Another of Anandi’s friends, Aindrila De, had known her since nursery over a period of more than 14 years. “She was very sincere, cheerful and clever,” she said. “I myself was supposed to have dinner at the German Bakery after a concert by Parikrama [an Indian rock music band] at Raga Lawns in Koregaon Park. I nearly missed death.”
The person who saw death the closest was Gokul Nepali, a 30-year-old waiter at the bakery. While the events leading to the blast are yet to be officially explained, it is believed that Nepali tried to open an abandoned bag that contained the explosive, leading to the blast.
Rushabh Agarwal, a 25-year-old from Lucknow studying at the Symbiosis Law School, gave a first-hand account of what happened at the bakery from a stretcher while being carried for treatment at Sassoon Hospital.
Were paying the bill
Rushabh had gone there with four other friends. Two of them went to pay the bill in the inner quarter. That was when and where the blast occurred. The two are critical, while Rushabh and two other friends who were near the entrance sustained injuries.
The kitchen and its bill counter are in a walled space. The dining area spreads in an ‘L’ shape outside, spilling out onto the pavement under a sloping roof. “I survived because the explosion took place inside,” said Rushabh, who suffered a black-out in the impact.

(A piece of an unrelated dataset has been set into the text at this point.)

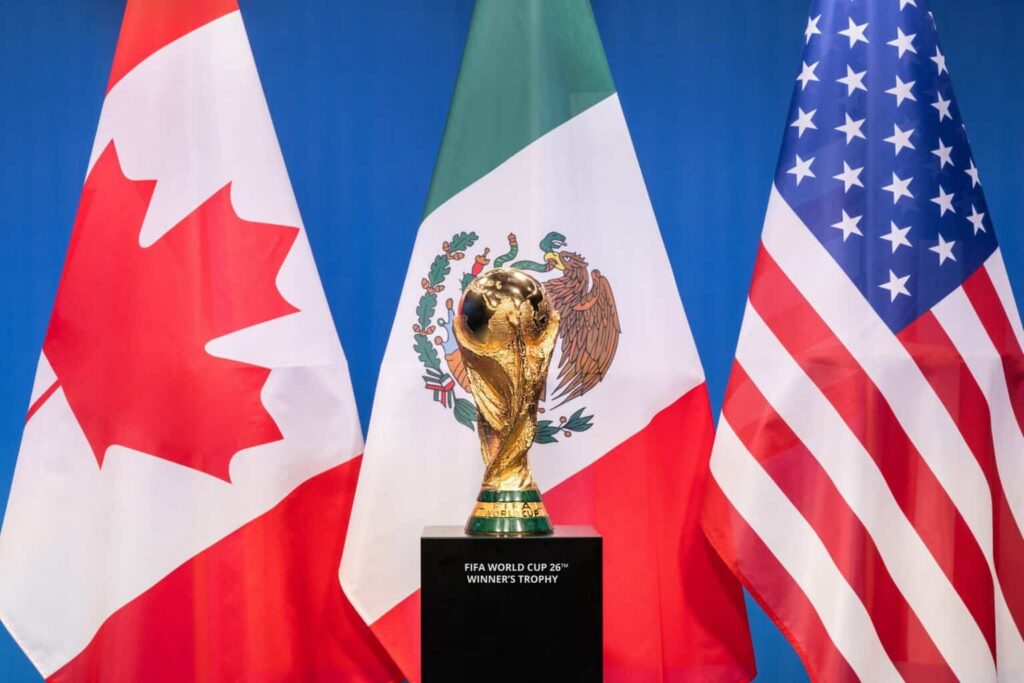 FIFA recibe más de 150 millones de peticiones para boletos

The black-out was permanent for P. Sindhuri from Bangalore and Binita Gadani from Mumbai, both employees at Amdocs in Magarpatta City at Hadapsar. Another victim was Shankar Nathu Pansare, 46, an autorickshaw driver who was in the vicinity looking for customers.
Frequented by foreigners
The bakery, though, was most loyally frequented by foreigners visiting the Osho International Meditation Resort, hardly 200 yards away. Their flowing maroon robes lent colour to the place with wooden benches and cane mats, a throwback to Goa. One such foreigner who happened to be in the bakery at the wrong time was Italian Nadia Macerini, 37. Her body was identified only a day after the explosion.
The other foreign national identified on Sunday was Iranian Saied Abdulkhani, 26, who was studying literature at the Symbiosis College for the last six months.
Through Sunday, relatives queued up outside various hospitals in the city. Six of the 16 patients admitted to Jehangir Hospital were in the Intensive Care Unit (ICU). “Those in the ICU are very critical with over 60 per cent burns,” said a doctor. “Their internal organs were torn by the explosion and they have suffered tremendous blood loss. They have survived this long only because they were picked up within five minutes of the explosion. But the number of casualties is sure to go up.”
At the Inlaks Budhrani Hospital, the closest to the bakery, eight of the 12 injured are in the ICU, while at the Ruby Hall Clinic, one of the three injured is under intensive care.
Two other injured are under treatment at the Surya Hospital.